R.I.P., Anthony Bourdain

Anthony Bourdain was working on a project to bring a market modeled on Singapore’s hawker centers to Manhattan. He wanted it to bring to mind “Blade Runner” — “high-end retail as grungy, polyglot dystopia.”

It seems the chef, globetrotter and raconteur Anthony Bourdain decided to burn out rather than fade away.

I can’t really say I was a fan; more of a bemused admirer, and from a safe distance, too. I read “Kitchen Confidential,” and my main takeaway beyond “Hell, no, I don’t ever want to cook in a pro kitchen” was that he’d be a tough dude to spend a lot of time around, even if you weren’t working for him.

But man, did he ever find his place in the world. Actually, not so much “find” as “create.” It seems now that his life may have been one extended, complicated suicide attempt. “Kill me if you can, but in the meantime get the fuck out of my way because I got all this cool shit to do.”

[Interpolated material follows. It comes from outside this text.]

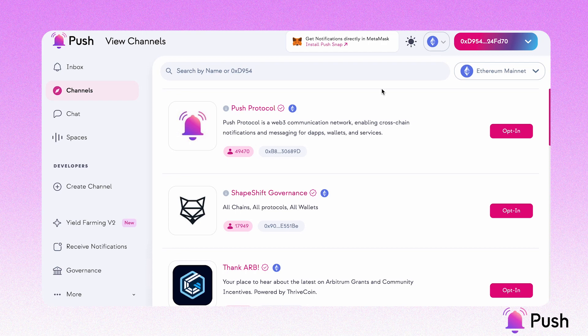PushaSnap is a tool that allows users to receive real-time notification alerts of your favorite Web3 applications directly in your MetaMask wallet. Let's see how easy it is to get started with PushaSnap.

This New Yorker piece by Patrick Radden Keefe examines Bourdain’s raison d’être, the original pitch for his evolving, “increasingly sophisticated iterations” of the same TV program:

“I travel around the world, eat a lot of shit, and basically do whatever the fuck I want.”

It may also contain his epitaph. Bourdain was a movie buff, and “Blade Runner” comes up a couple of times in the piece. I thought immediately of the conversation between Roy Batty and Eldon Tyrell, the chat which ended so badly for Batty’s creator:

“The light that burns twice as bright burns half as long. And you have burned so very, very brightly, Roy.”

Batty would eventually check out, too. But not by his own hand.

R.I.P., Robert Grossman

One of Robert Grossman’s famous covers for The National Lampoon.

Illustrator and caricaturist Robert Grossman has stepped away from the drawing board for the final time.

He created some memorable covers for National Lampoon and other magazines, and took strong whacks at a wide range of politicos, among them Dick Nixon, Ronald Reagan, Jerry Ford, Jimmy Carter, and Bill and Hillary Clinton.

In a 2008 interview with The Times, asked whether caricatures of presidents and presidential candidates were undignified. Grossman replied: “Undignified? Virtually anything has more dignity than lying and blundering before the whole stupefied world, which seems to be the politician’s eternal role.”

That same year, in an interview with The Tennessean, Mr. Grossman explained the edge illustration had over other forms of journalism.

“Reporters labor under the terrible requirement that what they report must be true,” he said. “Opinion writers need to endure the less stringent demand that what they opine be at least plausible. Nobody ever expects what cartoonists do to be either true or even plausible. That’s why we’re all as happy as larks.”